Originally intended to be a short battle film, “Everyman’s War” grew into a 104-minute feature.
Or, “a $50,000 project turned into a $750,000 project,” Smith says, laughing. “There were so many people who said, ‘This deserves more emphasis on the story,’ and it just morphed into a feature.”
The film was shot in locations around Oregon during 2008 and 2009, including the forests around Mount Hood as well as sets built on Smith’s 10 acres in the hills outside of Portland, his family’s hometown.
Mountain View High School graduate Cole Carson, 27, stars in the role of Don Smith. Carson, a 2004 University of Oregon graduate, moved to Los Angeles in 2007 to pursue acting. Smith decided to cast him for his quiet demeanor.
Also, “I looked at the back of his stat sheet, and it said his birthday was Jan. 20, and Jan. 20 was the exact day my dad was shot in Nennig, Germany. And I thought, ‘OK, that’s it. I’m going to do it,’” Smith recalls.
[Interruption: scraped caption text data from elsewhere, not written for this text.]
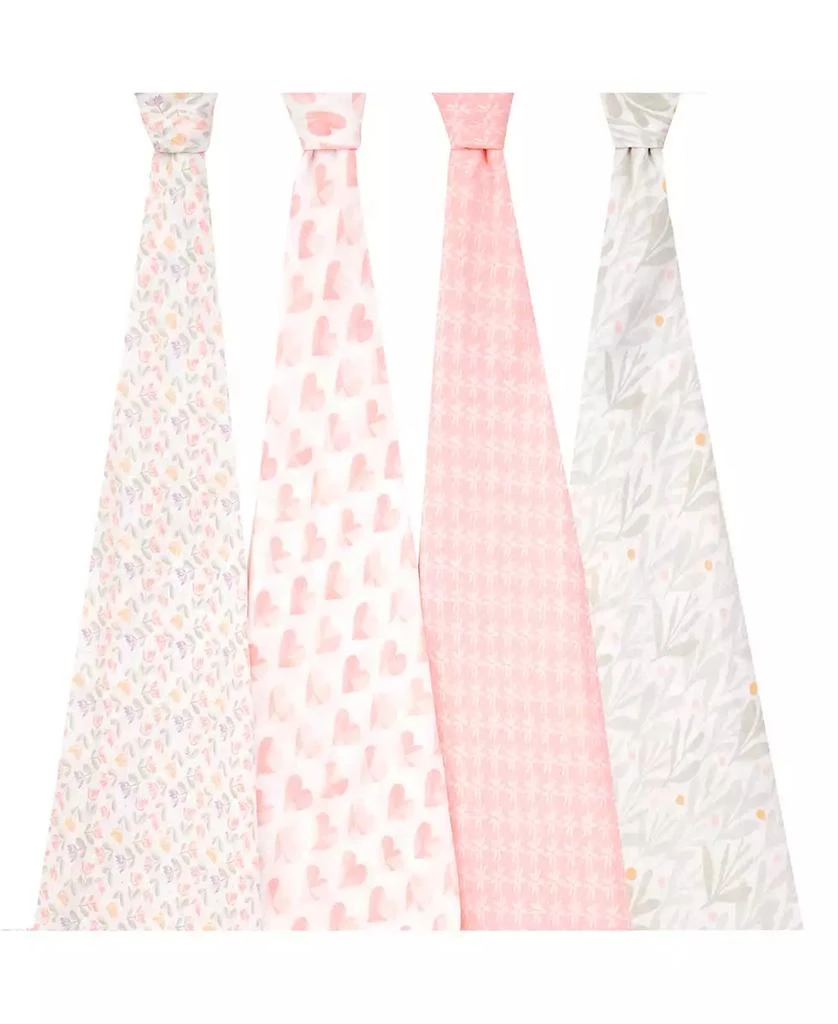 aden + anais Baby Girls Printed Swaddle Blankets, Pack of 4 3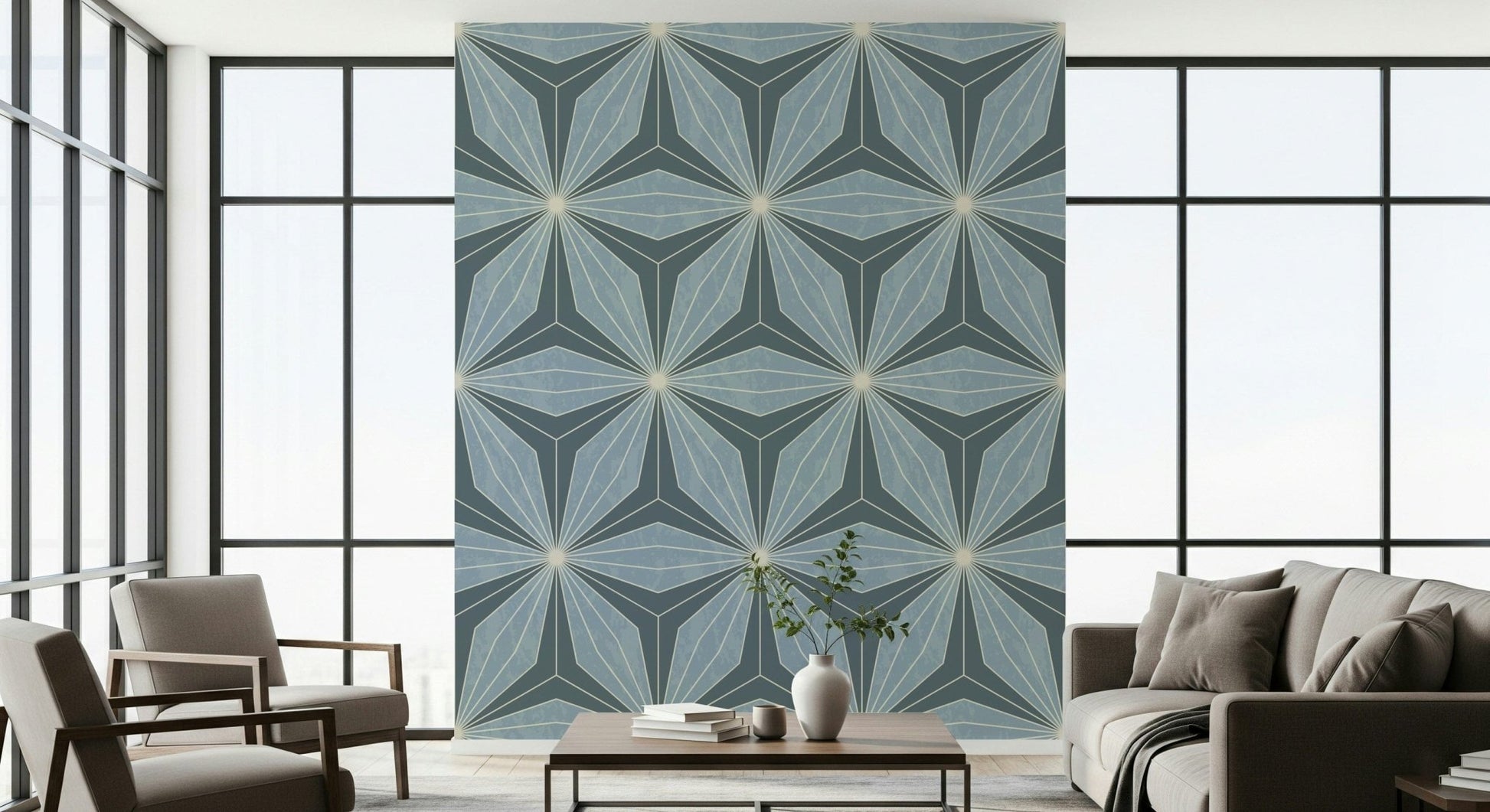 Textured deco fan wallpaper known as Geometric Flowers Radiance.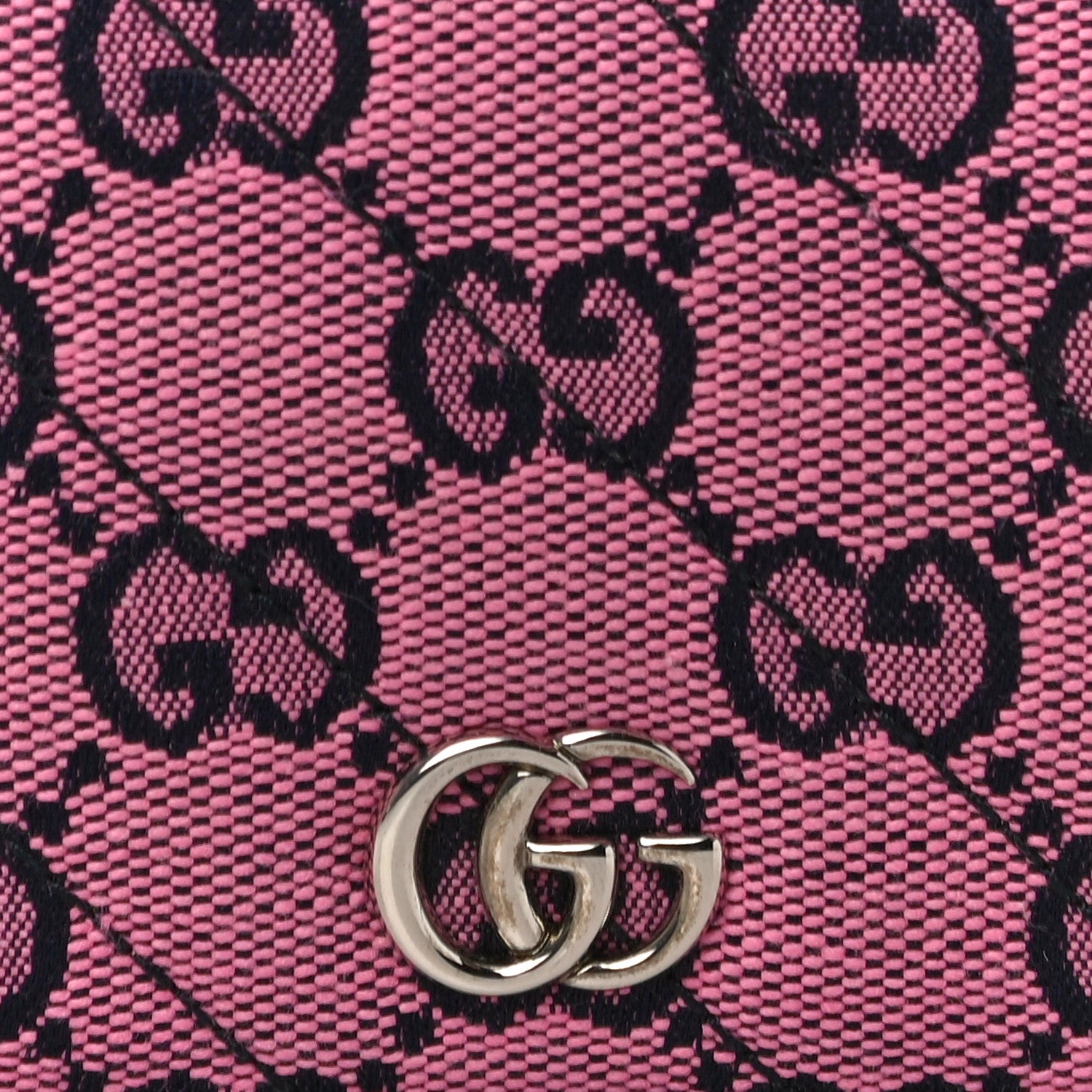 Gucci Monogram Multicolor Matelasse Diagonal GG Marmont Card Case Wallet Pink Blue 7 of 10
Thad Smith says his commercial direction skills translated well. “It’s really not that different. I had a lot more freedom to create more character arc,” he explains.
If anything, he says, commercials may be harder to make, “because they’re like little films. You’ve got to connect with the viewer in 30 or 60 seconds, and create an emotional impact to cause a reaction.”
“I have a theory that I’ve kind of put together for myself, that it’s emotion, connection, reaction,” he says. “If you can emotionally connect with somebody, you can cause them to have a reaction, for whatever you want to do, whether you want to make them cry, or whether you want to make them buy.”
Still, there was a challenge: “My dad’s one of those guys; he doesn’t like to talk about himself or the war. In fact, interviewing him for the story, I really had to take it in baby steps,” Smith says. “His biggest thing, when I told him I wanted to do this, he said, ‘I don’t want myself portrayed as a hero. Because I just did what everybody had to do.’ He just doesn’t want people to think of him like that.”
“There’s no glory that they’re looking for,” Smith observes. “I don’t think I’ve ever met one veteran who was boastful,” Smith says. “But he told me, ‘I think about it every day.’”
“I thought, what an interesting man, that he could come back and think about people he lost, friends he was with, the things he did, and live a life where he had kids and a house, and he was the best dad you could ever have. And they just put that stuff away,” he says.
“My biggest hope is that people look at this not only as a film about my dad, but a film about the sacrifices all these men made that get taken for granted every day.”